Vitis Tutorials: AI Engine (XD100)

Document ID
XD100
Release Date
2024-03-05
Version
2023.2 English

The PL master kernels are the dlbf_data, dlbf_coeff, ulbf_data, and ulbf_coeff kernels. A dlbf_data PL kernel stores the reference input data matrices for the downlink subgraph in the AI Engine graph. The dlbf_coeff PL kernel stores the reference input coefficients for the downlink subgraph. The ulbf_data PL kernel stores the input data for the uplink subgraph. The ulbf_coeff stores the input coefficient data for the uplink subgraph.

Open the Vivado projects for these PL kernels and review their source code. They are all composed of the same modules: a AXI BRAM Controller IP, a control status register (CSR) module, a clock domain crossing (CDC) module, and multiple data master modules. The data master modules are initialized with the reference input data and input coefficients from *_hex.mem files in the data/ folder.

PL Master Kernel Vivado Screenshot

The *_hex.mem files were generated by a python script that converted the decimal data in the *.txt files to hexidecimal data. An example conversion is shown below:

#Decimal data in dlbf_cin00.txt
-1893 3687 -6157 -1324

#Hexidecimal conversion in dlbf_cin00_hex.mem
fad4e7f30e67f89b

Where rightmost decimal data (-1893) is converted to leftmost hexidecimal data (f89b).

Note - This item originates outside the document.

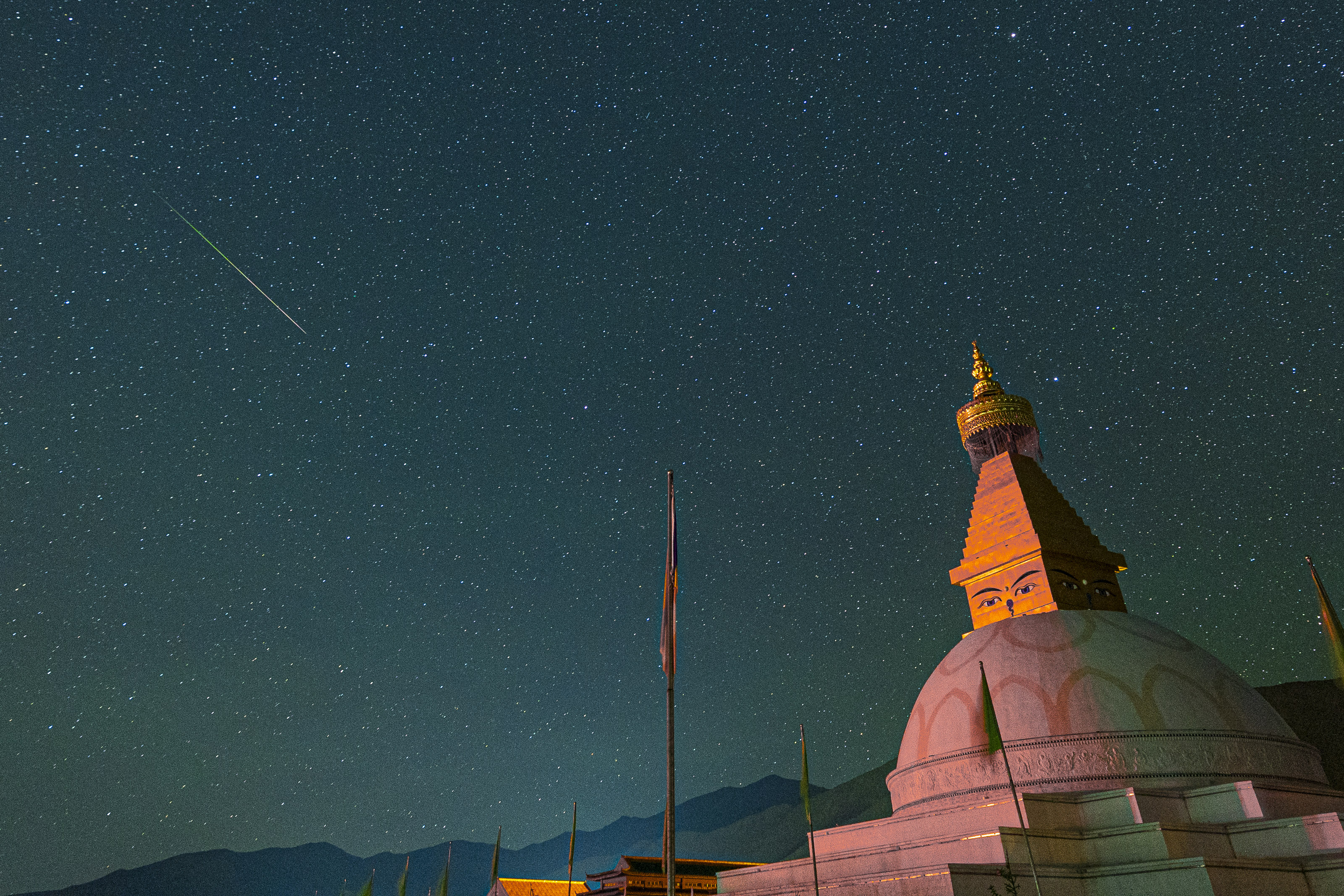 Perseiden-Meteor schießt über einem großen Kuppelgebäude über den Himmel.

Below is a block diagram of how data in the PL Master kernels is requested by CIPS and sent out to the AI Engine.

PL Master Kernel Block Diagram

Each PL master kernel hooks up to one of the 16 AXI4-Lite PL interfaces on the custom platform built in Module 01 (Creating a Custom Platform). Through this connection, the CIPS block can send AXI control signals to the data master modules and receive AXI status signals from the data master modules.

  • AXI BRAM Controller: The AXI BRAM controller writes the control signals to the CSR module and reads the status signals from the CSR module at 100 MHz.

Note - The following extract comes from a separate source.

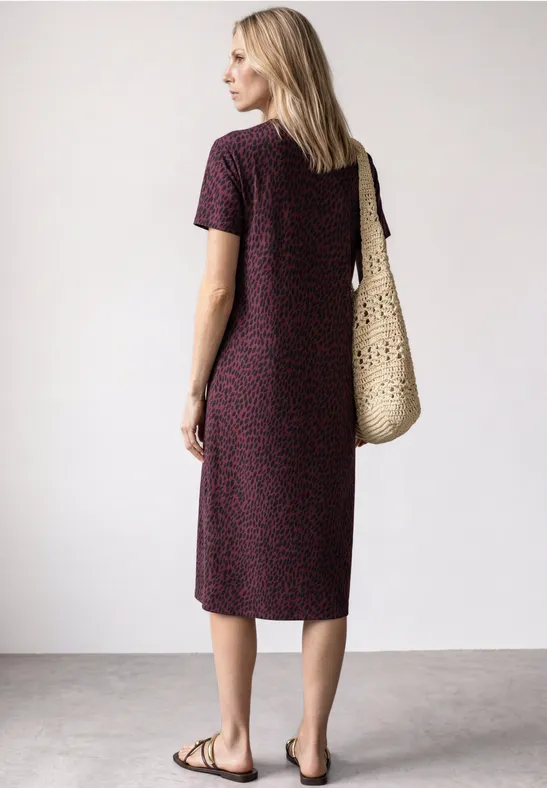 Frau im gemusterten Midi-Kleid, trägt Basttasche und flache Sandalen, steht seitlich vor hellem Hintergrund.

  • Control Status Register (CSR) Module: The CSR module is a register interface that the AXI BRAM controller accesses to access the data masters. Below is the control and status register map for one data master module.

Control and Status Register Address Map

Register Space Offset Bits and Name R/W? Description
0x0 [31:0] ID R 32 bit ID register.
0x4 [0] RESET W 1: assert, 0: deassert. Also assigned to the m_axis_rst_bram input in the CSR module.
0x4 [4] GO W 1: start PL traffic, 0: stop PL traffic. Also assigned to the go_bram input in the CSR module.
0x8 [11:0] BLOCK_SIZE W Sets the block size of stream frame. Block size is the number of 64-bit TDATA packets to send to the AI Engine. TLAST is asserted for every number of cycles. Also assigned to the block_size_bram input in the CSR module.
0xC [11:0] NITER W Sets the number of iterations of the data to go through. The number of iterations is the number of data chunks to send to the AI Engine. If this set to 0, data will be transmitted to the AI Engine forever. Also assigned to the niter_bram input in the CSR module.
0x10 [15:0] ROLLOVER_ADDR W When BRAM addresses reach this rollover address, it will reset to address 0. In this design, the rollover address is set to the address of four chunks of data (that is, 4*). Also assigned to the rollover_addr_bram input in the CSR module.
0x20 [0] MASTER_DONE R When this status register becomes 1'b, the data master is done sending data to AI Engine. Also assigned to the m0_done_bram input in the CSR module.

The CSR Module RTL definitions are located here:

dlbf_data/hdl/ulbf_data_csr_cntrl.v
dlbf_coeffs/hdl/dlbf_coeffs_csr_cntrl.v
ulbf_data/hdl/ulbf_data_csr_cntrl.v
ulbf_coeffs/hdl/ulbf_coeffs_csr_cntrl.v
  • Clock Domain Crossing (CDC) Module: The control and status signals sent to the CSR module sync up with the data master modules through a clock domain crossing (CDC) module. It converts the 100 MHz control and status signals from CIPS to 400 MHz signals. The data master modules operate at 400 MHz. It also works the other way as well (converting 400 MHz signals from the data master modules to 100 MHz signals for CIPS).

  • Data Master Modules: These modules contain BRAM instances that store the input data that is sent to the AI Engine. They are initialized by data/*_hex.mem files with input data. There are four data master modules in the dlbf_data and dlbf_coeffs PL kernels. There are eight data master modules in the ulbf_data and ulbf_coeffs PL kernels.